Search code examples
pythonmultithreadingpython-multithreading

Getting arguments to a function that passed or failed after running the function inside ThreadPoolExecutor


Objective:
Download images from a list of URLs using ThreadPoolExecutor.
If any URL returns 404, add url to failed else add to passed.
Finally return all passed and failed URLs.

Code:

import requests
import concurrent.futures

img_urls = [
    "https://i...content-available-to-author-only...h.com/photo-1516117172878-fd2c41f4a758",
    "https://i...content-available-to-author-only...h.com/photo-1532009324734-20a7a5813719",
    "https://i...content-available-to-author-only...h.com/photo-1524429656589-6633a470097c",
    "https://i...content-available-to-author-only...h.com/photo-1530224264768-7ff8c1789d80",
    "https://i...content-available-to-author-only...h.com/photo-1564135624576-c5c88640f235",
]

def download_image(img_url):
    resp = requests.get(img_url)
    resp.raise_for_status()
    img_bytes = resp.content
    img_name = img_url.split("/")[3]
    img_name = f"{img_name}.jpg"
    with open(img_name, "wb") as img_file:
        img_file.write(img_bytes)
        print(f"{img_name} was downloaded...")


def dl_sequential():

    passed = set()
    failed = set()

    for img_url in img_urls:
        try:
            download_image(img_url)
            passed.add(img_url)
        except requests.exceptions.RequestException:
            failed.add(img_url)
            pass
    return passed, failed


def dl_threads():

    passed = 0
    failed = 0

    with concurrent.futures.ThreadPoolExecutor(max_workers=4) as executor:
        futures = [executor.submit(download_image, img) for img in img_urls]
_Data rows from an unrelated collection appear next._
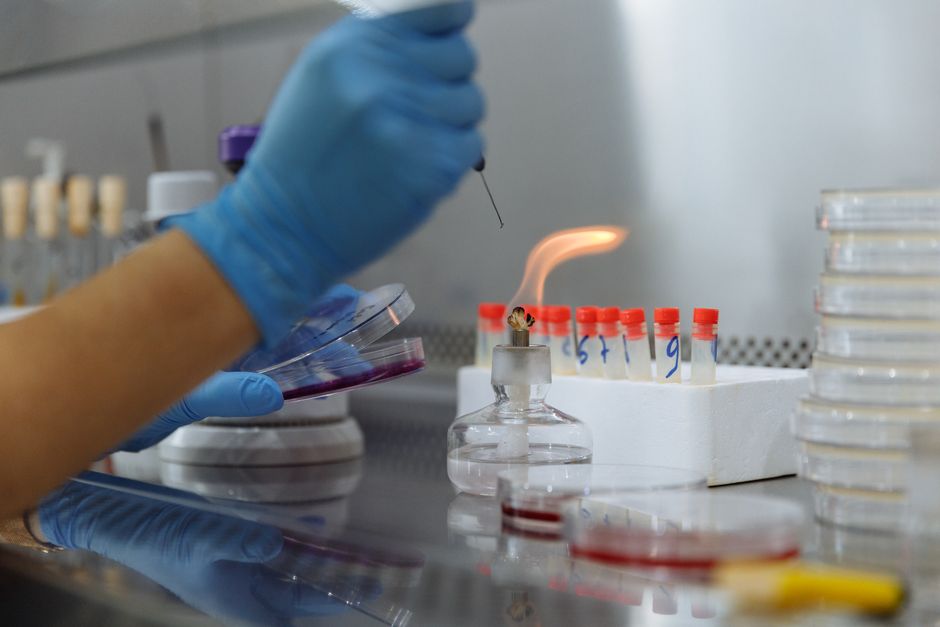 Laboratory petri dishes and microbiology testing setup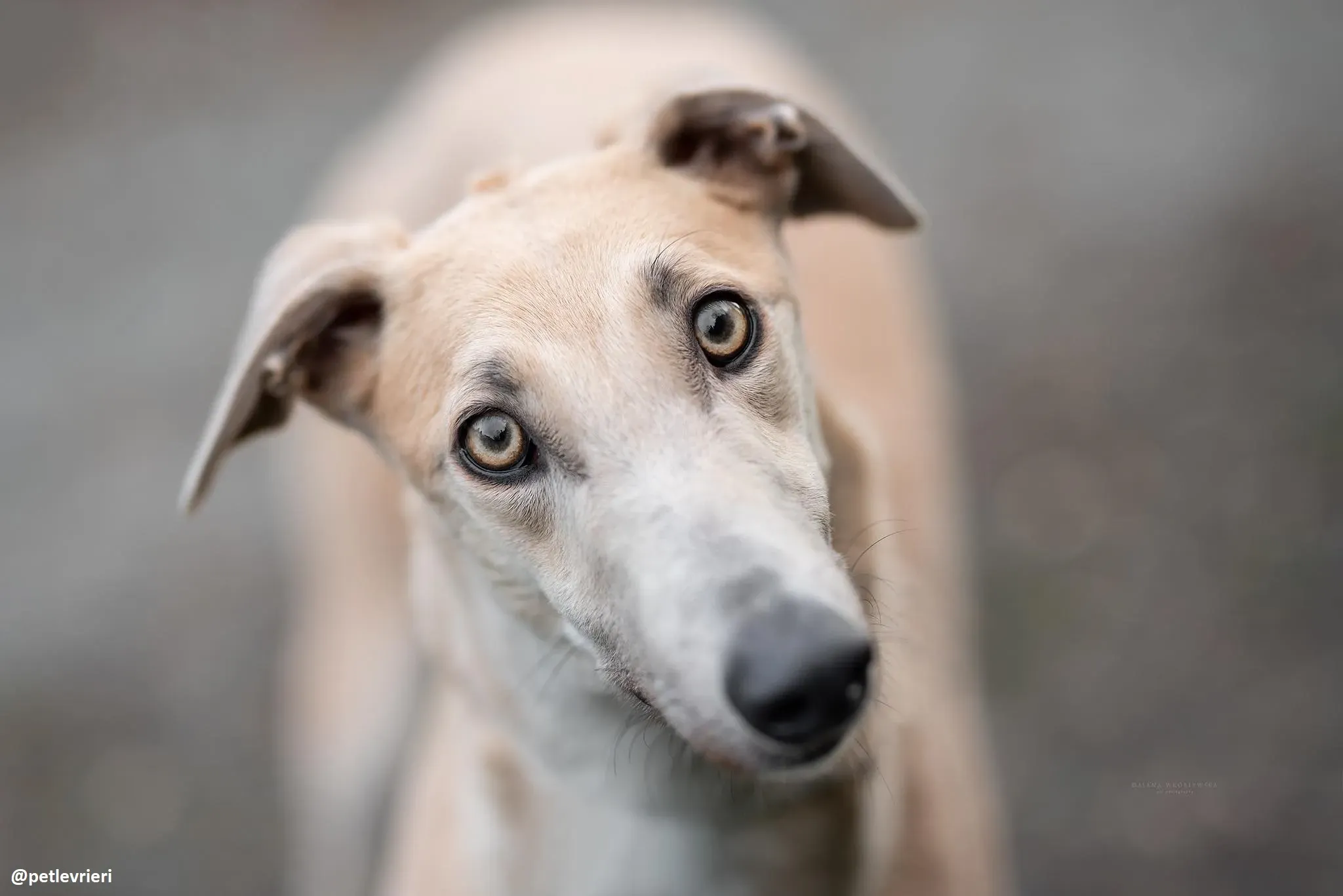 magic adozione greyhound 1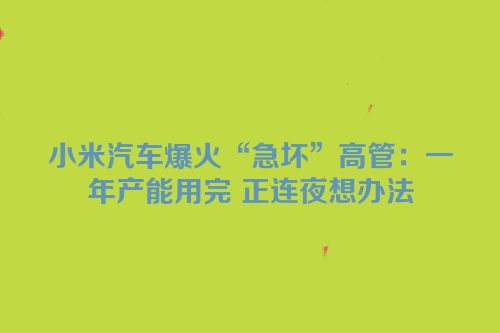 小米汽车爆火“急坏”高管：一年产能用完 正连夜想办法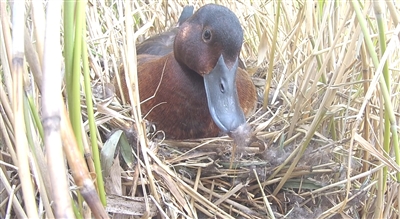青頭潛鴨為何青睞河南民權(quán)黃河故道濕地?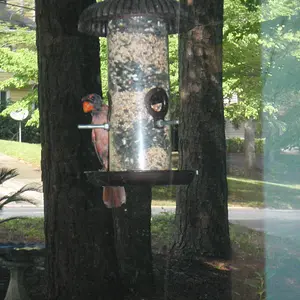 158.
Mama Cardinal don't have to be/look pretty.
Still is tho.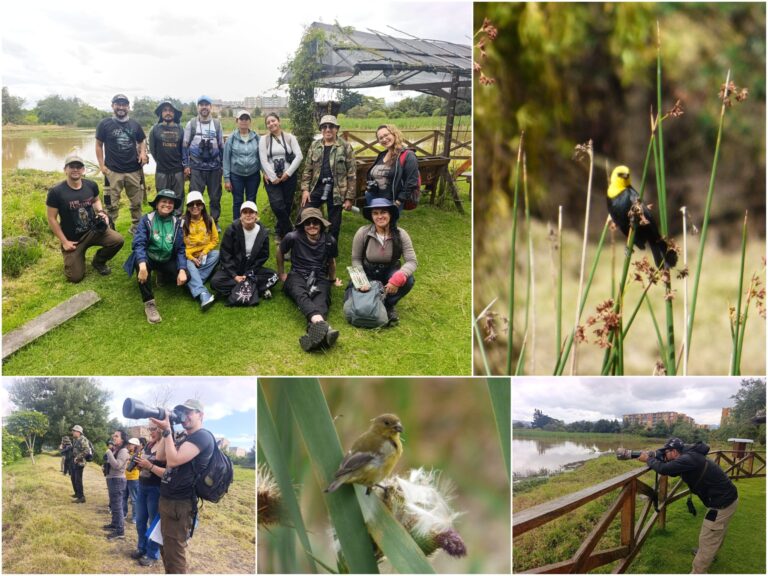 “Entre bosques y humedales”: un recorrido de conexión por una esponja hídrica de Fontibón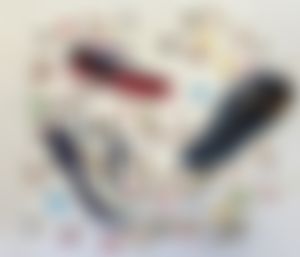 Image post by @C9Multisport on Twitter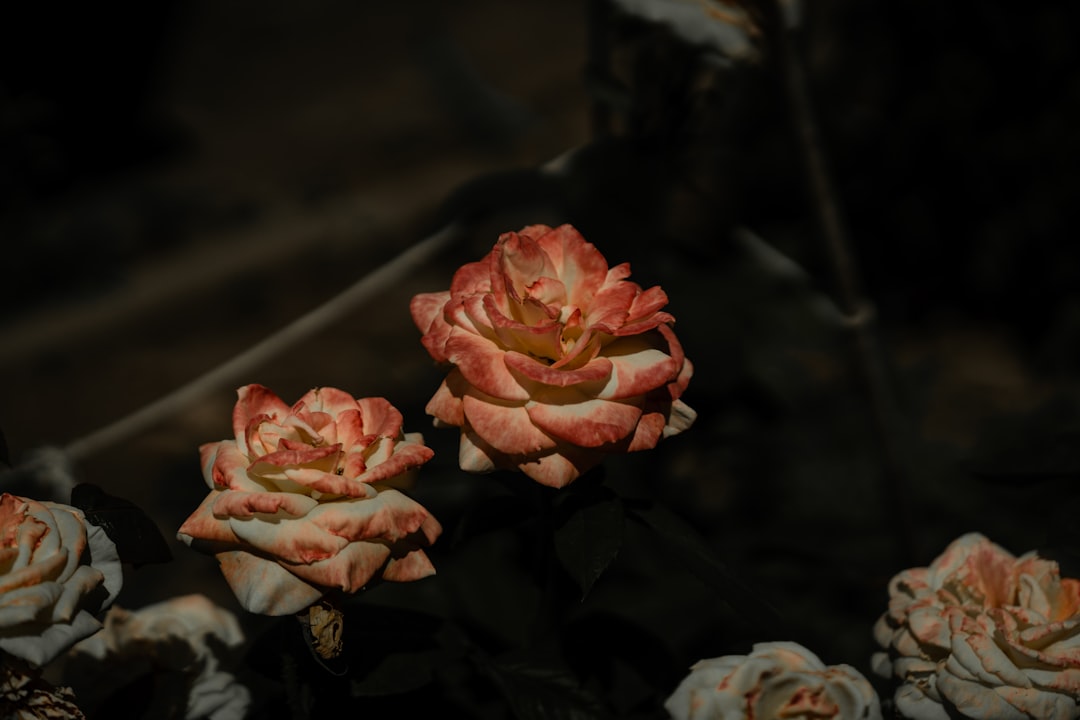 red rose in bloom close up photo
    for future in concurrent.futures.as_completed(futures):
        try:
            future.result()
            passed += 1
        except requests.exceptions.RequestException:
            failed += 1
            pass
    return passed, failed

if __name__ == "__main__":
    print("Starting sequential processing")
    passed, failed = dl_sequential()
    print("Passing URLs:", *passed, sep="\n")
    print("Failing URLs:", *failed, sep="\n")

    print("\nStarting parallel processing")
    passed, failed = dl_threads()
    print(passed, failed)

Basically dl_threads() output should be same as dl_sequential()


Solution

  • Very similar example is posted on official doc with a change that allows you to extract future argument (URL) in case of failure as well. https://docs.python.org/3/library/concurrent.futures.html#concurrent.futures.as_completed

     with concurrent.futures.ThreadPoolExecutor(max_workers=4) as executor:
            futures = [executor.submit(download_image, img) for img in img_urls] #`futures` is a map of 
    
        for future in concurrent.futures.as_completed(futures):
                img_url = futures[future] #returns original arg
                try:
                    data = future.result()
                    passed += 1
                    passed_urls.add(img_url)
                except requests.exceptions.RequestException:
                    failed += 1
                    failed_urls.add(img_url)